ASSIGNMENT:
Retype, with no pictures, each line from the one that holds "Small Hairy Uncut" through the last line of the entries below, both included.

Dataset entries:
::::::

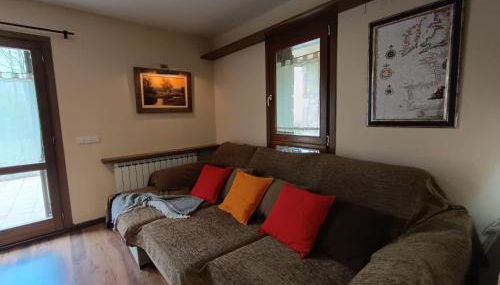 InmoCyma Mincholet bajo con terraza - Foto 2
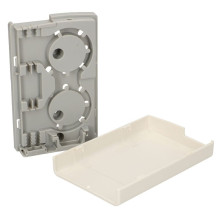 EXTRALINK 2 Core Fiber Optic Terminal Box Amelia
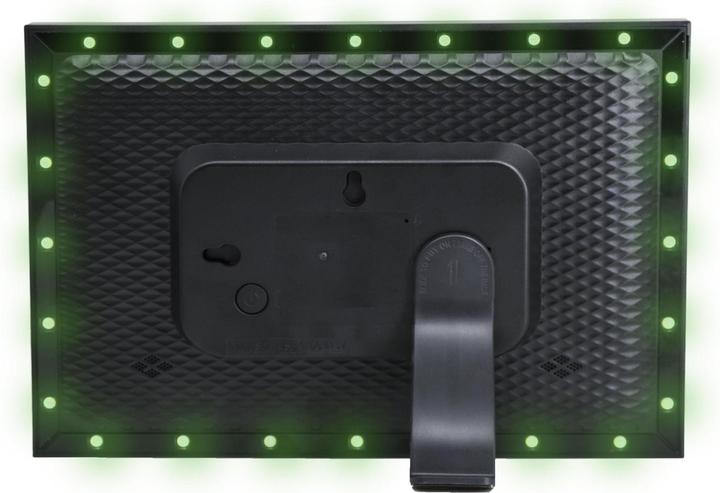 Produktbild Denver Frameo PFF-1081 Digitaler Bilderrahmen (10.10", 1280 x 800 Pixel)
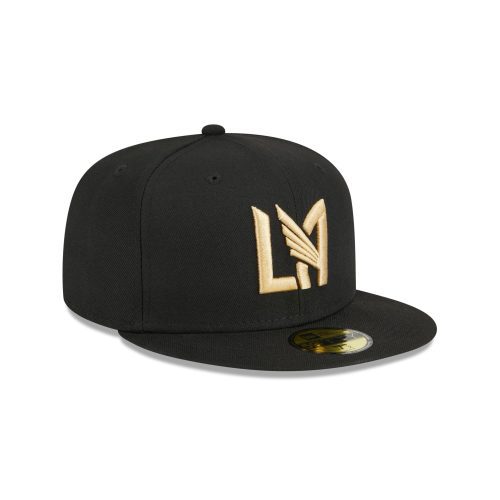 60399078 59FIFTY EVERGREEN LAFC OTCOTCOTC 3QR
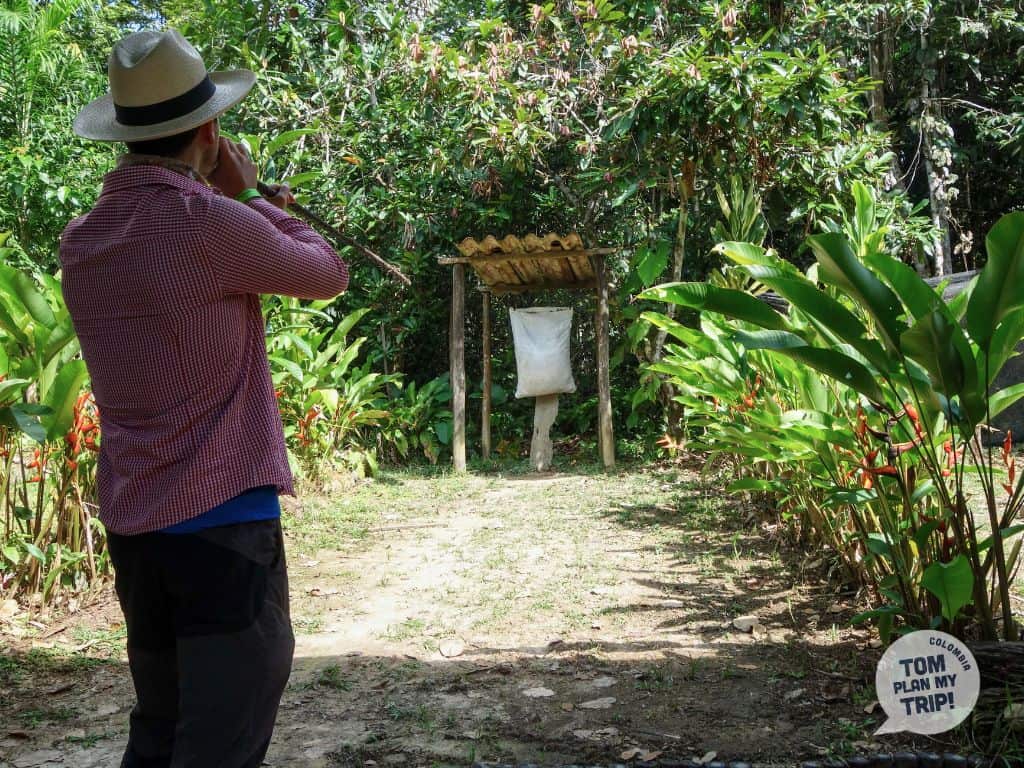 Mundo Amazonico Leticia Amazon Colombia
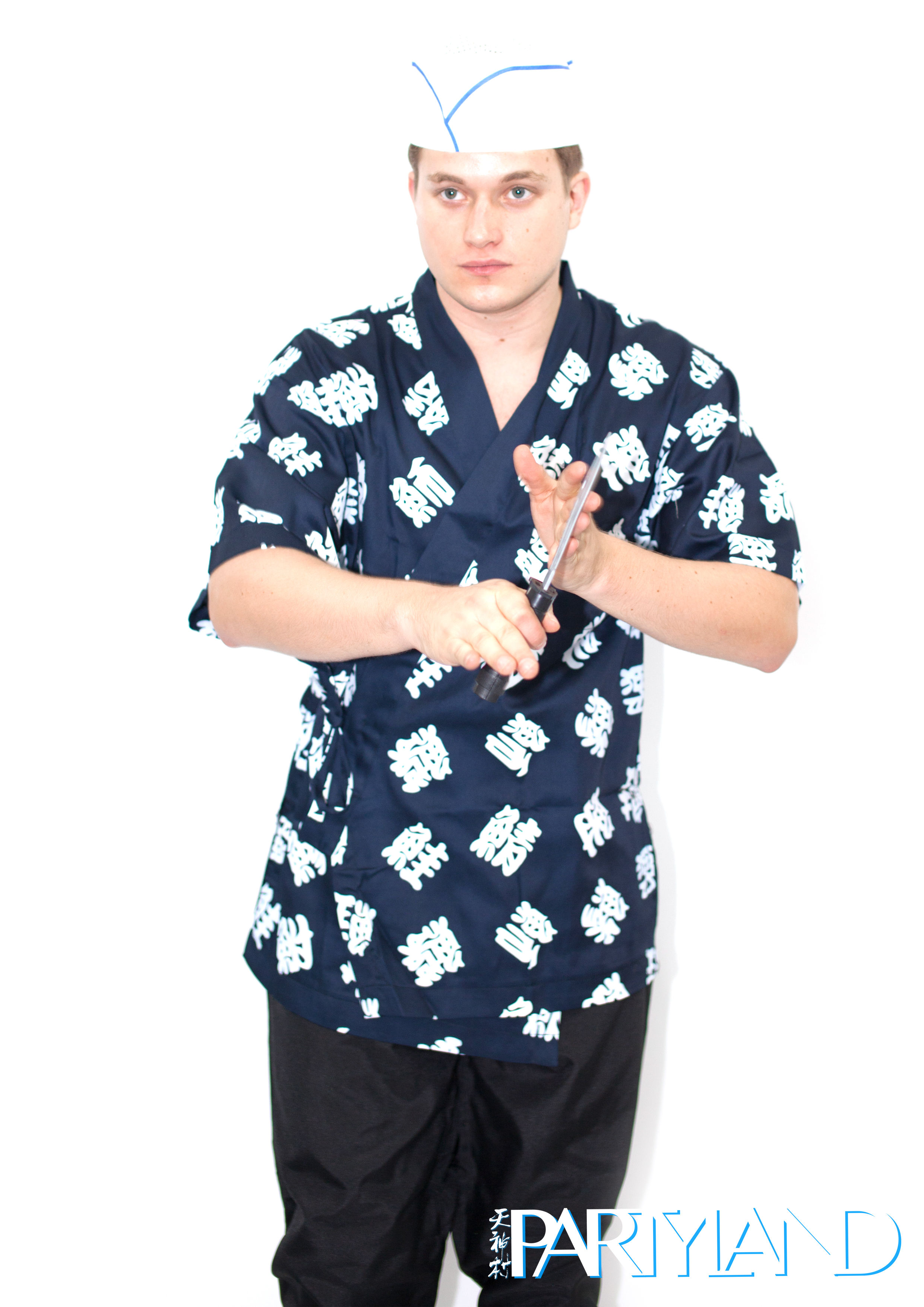 Japanese Chef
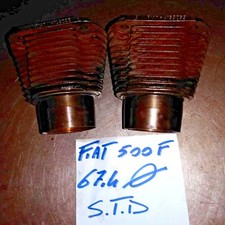 Fiat 500 cilindri usato  Italia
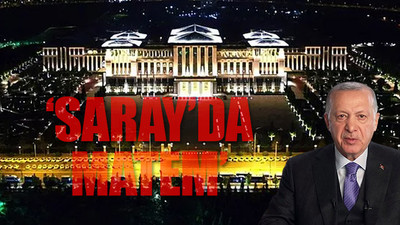 Erdoğan'ın masasındaki son iki anket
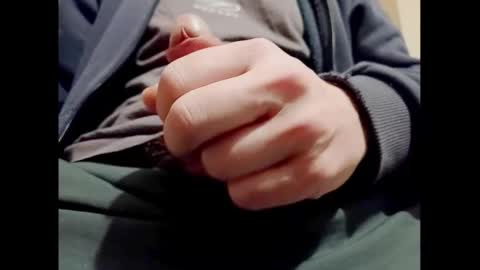 Small Hairy Uncut online show from 02/03/25, 06:17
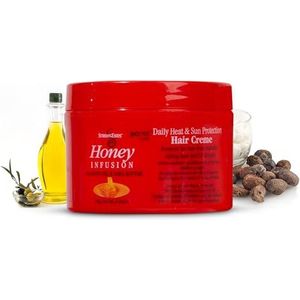 Biocare strongends honey infusion hair cream 170 gr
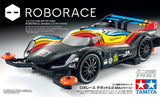 Roborace DevBot 2.0 (MA Chassis)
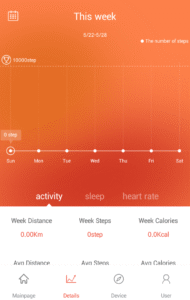 VeryFitPro 3.5.5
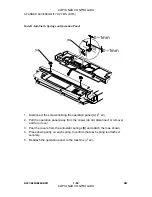 Предварительный просмотр 112 страницы Ricoh Aficio MP 3500 Series Service Manual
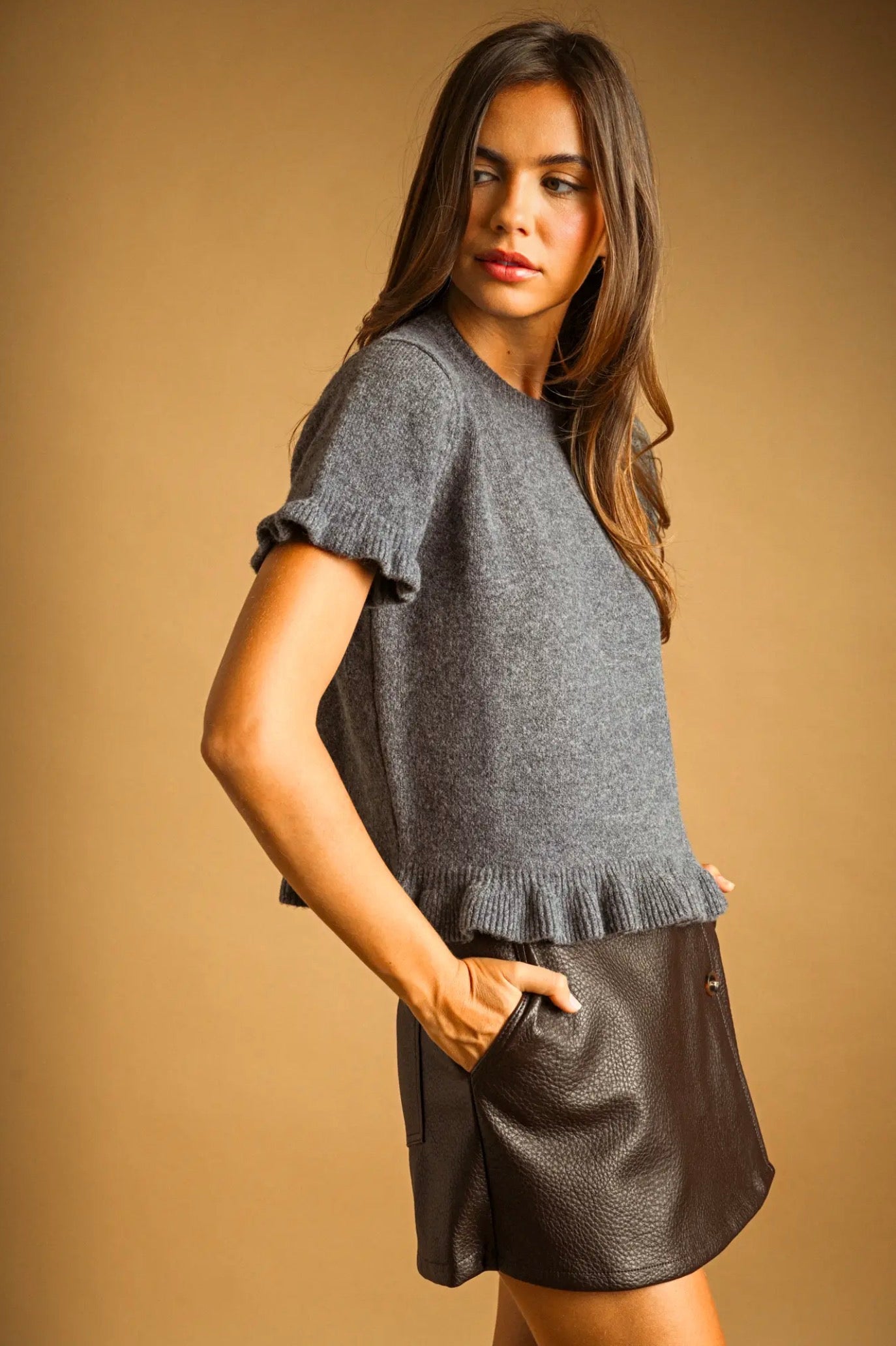 Riley Sweater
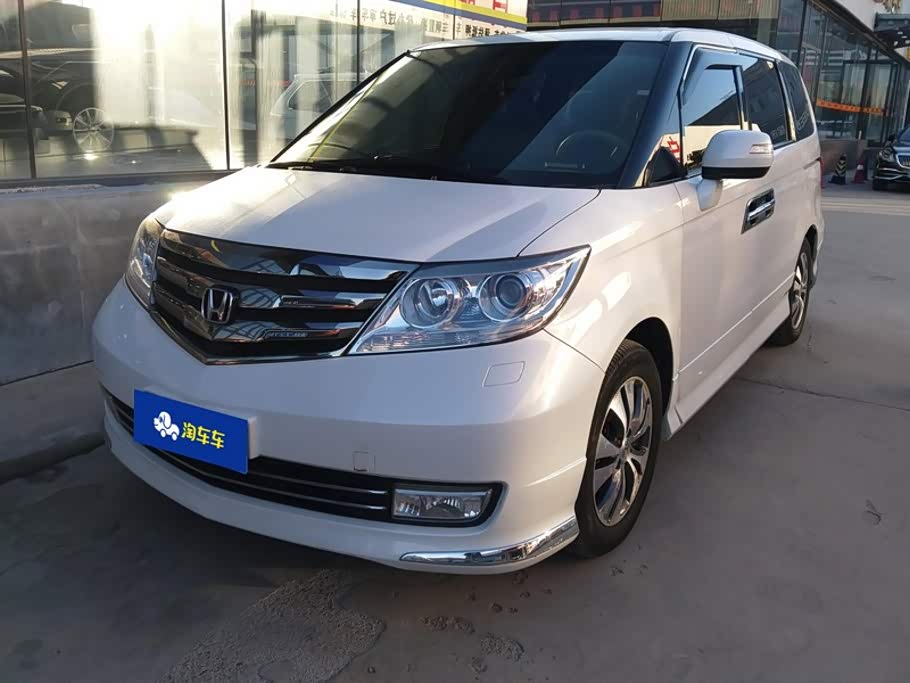 Honda Elysion 2012 2.4L VTi-S Luxury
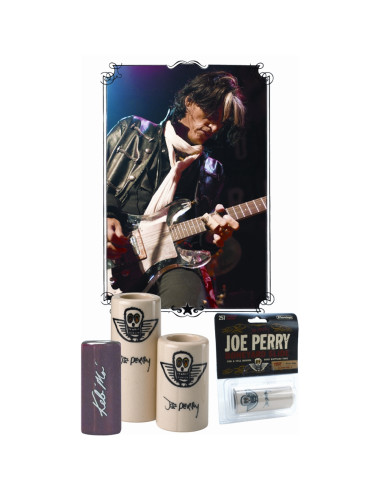 255 JOE PERRY Medium Long Slide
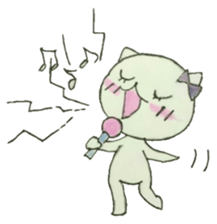 good friend trio of stickers sticker #3227955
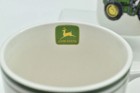 John Deere - Tractor Coffee Cup Set Of 3 Mugs  Gibson Officially Licensed Mugs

::::::

OUTPUT BELOW:
 Small Hairy Uncut online show from 02/03/25, 06:17
 Biocare strongends honey infusion hair cream 170 gr
 Roborace DevBot 2.0 (MA Chassis)
 VeryFitPro 3.5.5
 Предварительный просмотр 112 страницы Ricoh Aficio MP 3500 Series Service Manual
 Riley Sweater
 Honda Elysion 2012 2.4L VTi-S Luxury
 255 JOE PERRY Medium Long Slide
 good friend trio of stickers sticker #3227955
 John Deere - Tractor Coffee Cup Set Of 3 Mugs  Gibson Officially Licensed Mugs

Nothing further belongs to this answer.